Die Forschung ist heute der Auffassung, dass der Bregenzerwald noch bis ins 10. Jhdt. ein unbesiedelter Urwald war. Die Besiedelung erfolgte nicht kurzfristig, sondern dauerte durch das ganze Mittelalter. Von den Dörfern des Hinterbregenzerwaldes wurden die heutigen Ortschaften Au und Schoppernau zuletzt dauernd besiedelt, wenn auch die waldreiche Gegend schon in früheren Zeiten Jäger angezogen hatte. Noch vor 700 Jahren hatten die Grafen von Montfort in Au ein Jagdhaus, in den Urkunden als "Jaghusen in den Owen" bezeichnet.
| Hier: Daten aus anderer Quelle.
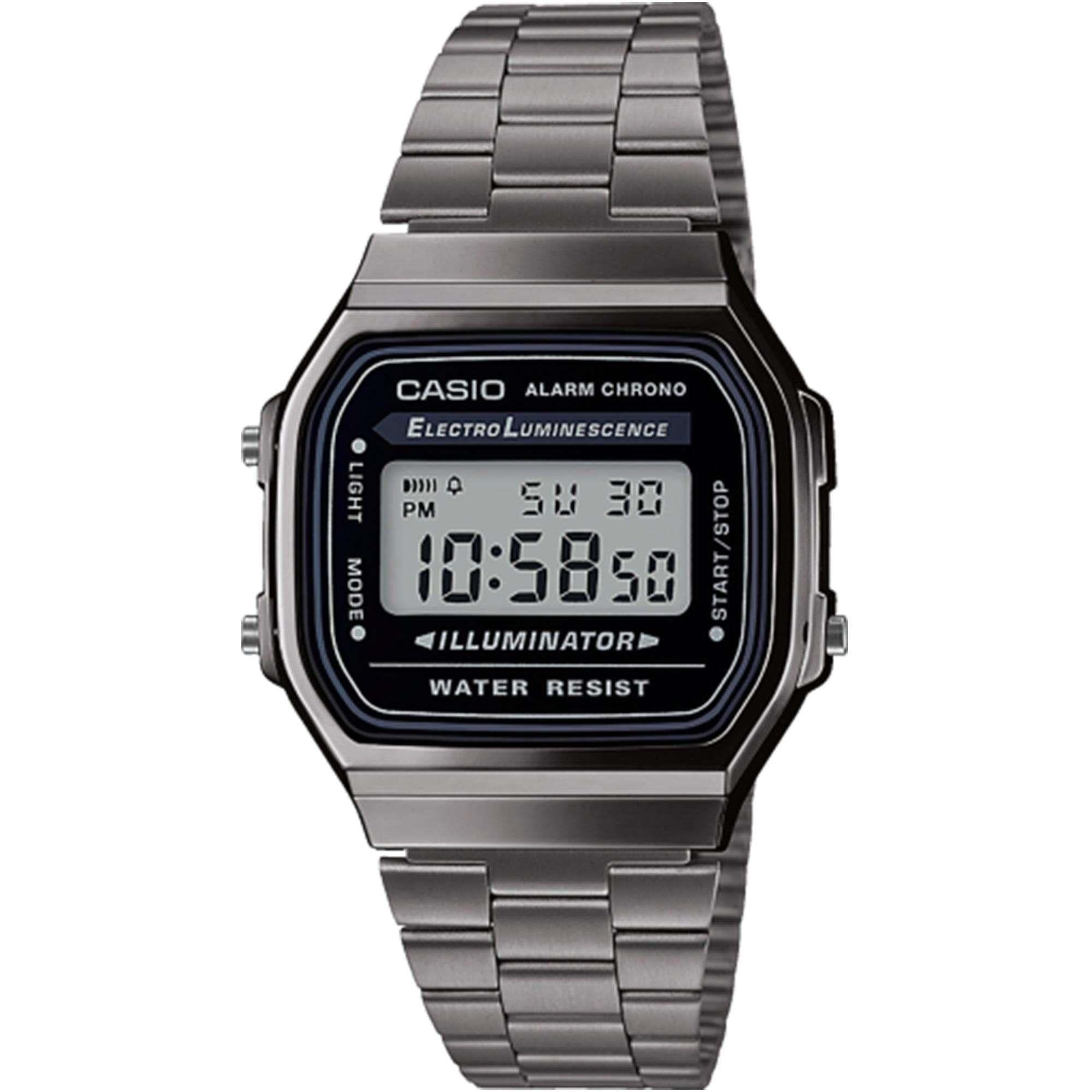 Casio Collection Quarz Digital Gun Metal Grau Edelstahlarmband Herrenuhr A168WEGG-1AEF
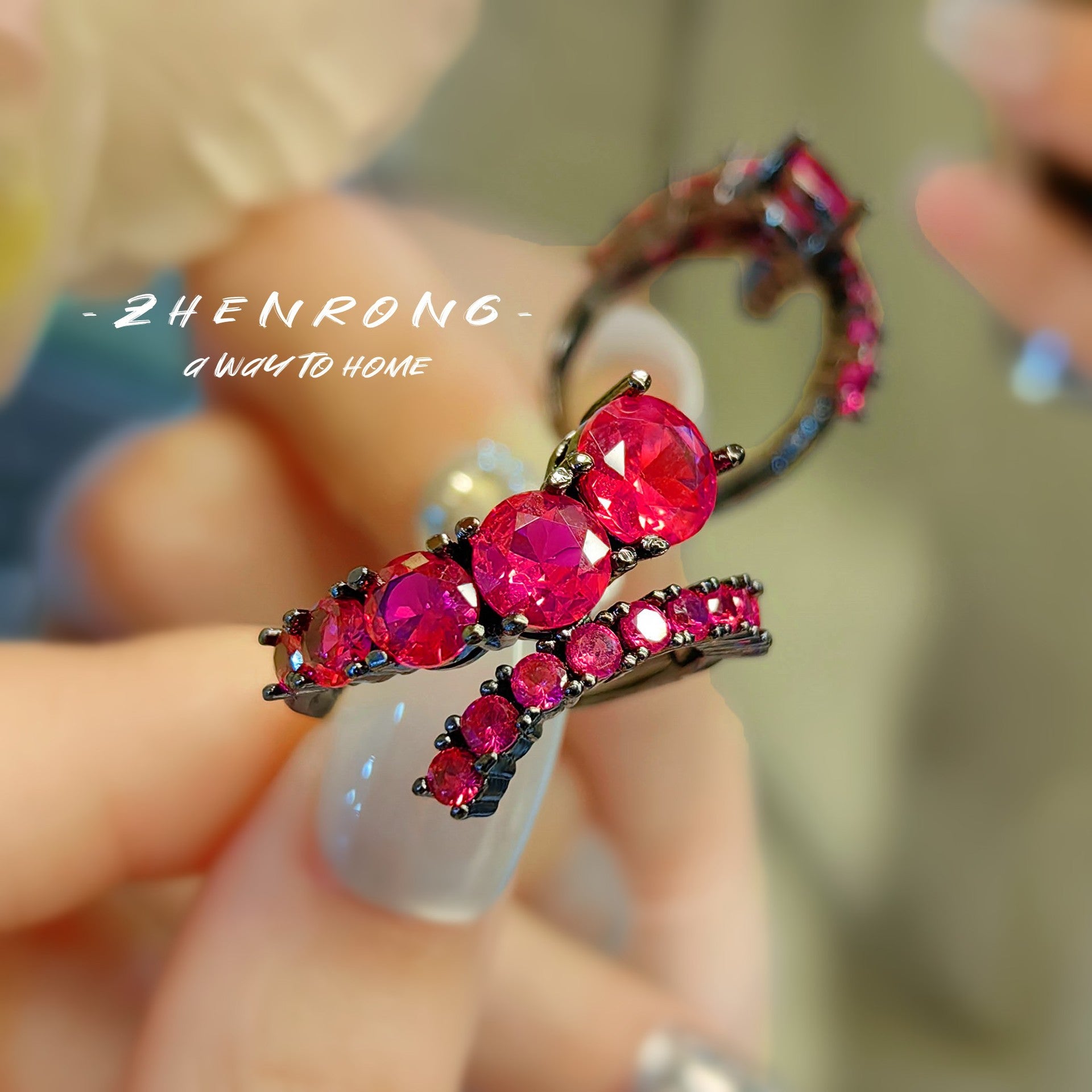 ZRNG 118 - Unique Claw-Set Red Sapphire Ring - Adjustable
Nach der ältesten vorhandenen kirchlichen Aufzeichnung hatte Jaghausen - heute Au - bereits 1372 eine Kapelle mit Friedhof. Erst 1390 trennte sich Au von der Mutterpfarre Reuthe bei Bezau.

Es darf angenommen werden, dass sich die ersten Siedler wesentlich früher niedergelassen hatten. Aus den Kirchenbauten und Erweiterungen ist zu schließen, dass die Bevölkerung der Pfarrei - damals waren Au und Schoppernau eine Pfarre - im 14. und 15. Jhdt. beachtlich zunahm. Beide Orte waren von jeher wirtschaftlich eng miteinander verbunden, und die geschichtliche Entwicklung verlief sehr ähnlich. Das Gebiet von Schoppernau mag wohl anfänglich von den Landnehmern als Schafweide benützt worden sein. Daher stammt zweifelsohne auch der Name Schoppernau. "Schappernouw" = Schafau. Die für die damaligen Verhältnisse weite Entfernung und die Schneeverhältnisse im Winter erschwerten den Bewohnern in Schoppernau den Besuch von Gottesdiensten an Sonn- und Feiertagen. Nicht selten starben Kranke ohne die letzte Wegzehrung und Kinder ohne Taufe.